Descartei, com alguma dificuldade, que o pensamento pudesse ser parte da alma, do espírito ou até do resultado de um sopro divino. Mas não pude separar o pensamento da energia cósmica. E foi aí que eu descobri a mente como um campo de energia eletromagnética e telepática, que faz do organismo humano um ser integrado nos sistemas da sociedade e no ilimitado ecossistema da natureza.

O pensamento é uma energia vital que permite ao ser humano a lembrança, a esperança, a ambiguidade, a intuição, a premonição, a consciência, a clarividência e a memória. Descobri então que todos estes atributos do pensamento fazem parte da consciência. A lembrança e a esperança, por exemplo, são como que um despertar e uma reavaliação da memória. Pois foi através da lembrança e da esperança que eu exercitei essa função mesma do pensamento. Durante os sessenta dias que passei incomunicável na cela solitária do quartel militar, o meu pensamento foi uma funçção orgânica que me manteve vivo e imune a todos os ataques das doenças físicas ou mentais.

Só o esquecimento é o antídoto orgânico para o pensamento. Ele é descarga automática que mantém a energia vital da mente em permanente equilíbrio dinâmico. O esquecimento é a válvula de escape da memória. É o processo destruidor-construtivo que mantém o fluxo energético de todo o nosso organismo. Quando a pessoa não esquece, a saturação energética da memória transforma o ser humano num marginal, num criminoso ou num qualquer tipo de esquizofrênico.
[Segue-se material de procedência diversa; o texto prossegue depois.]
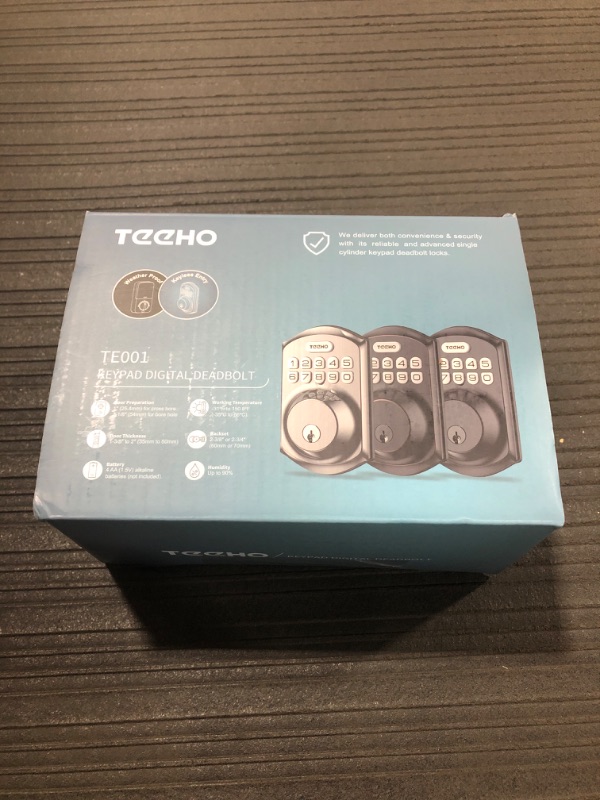 Photo 3 of TEEHO TE001 Keyless Entry Door Lock with Keypad - Smart Deadbolt Lock for Front Door with 2 Keys - Auto Lock - Easy Installation - Matte Black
Embora eu não tenha conhecimento específico de neurologia, descobri, também, que a mente não está localizada exclusivamente no cérebro. Como disse, a mente é um campo energético-telepático e eletromagnético que atua em todo o nosso sistema nervoso, mas cujos efeitos se reproduzem em palavras, sons, cores, ritmos, gestos e imagens. Esses efeitos todos se organizam na linguagem.

A mente produz também essa espécie de energia cinética, o pensamento, capaz de atravessar qualquer tempo e qualquer espaço, mesmo o vazio, o vácuo, o tempo e o espaço indefinido. É capaz de penetrar o material mais compacto e impenetrável. È capaz também de interpenetrar o tempo-espaço. E de criar ou apagar todos os conceitos que utilizamos para descrever a natureza.
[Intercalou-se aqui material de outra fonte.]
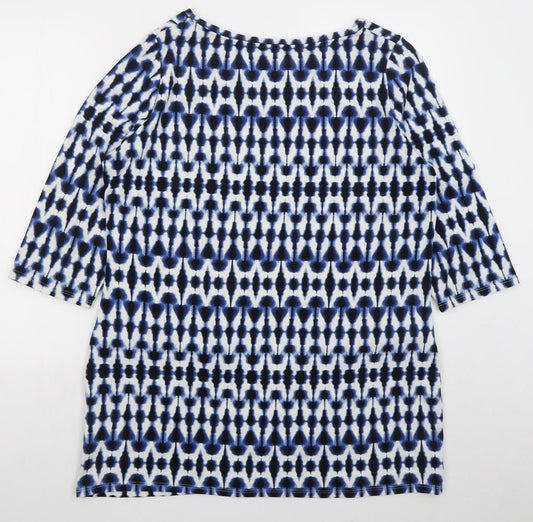F&F Womens Blue Boat Neck Geometric Polyester Pullover Jumper Size 20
Foi a necessidade que tive de pensar – numa cela solitária absolutamente incomunicável – que me permitiu duvidar de tudo e de todos. A primeira desvinculação que sofri foi a da minha família. Logo depois me desvinculei de todas as leis estabelecidas. Dos mandamentos da religião, dos conceitos e preconceitos da sociedade, das regras e dos códigos políticos, dos parentescos dos parentes e da amizade dos amigos.

Fiquei só. Só eu comigo mesmo. Sozinho, só, sozíssimo.

Tive que repensar tudo na minha vida. Mais de 180 dias, mais de 4.320h e mais de 259.200min. Pensando o pensamento. Um pensamento crítico e autocrítico. E, pela primeira vez, absolutamente original. Surgindo de dentro de mim mesmo.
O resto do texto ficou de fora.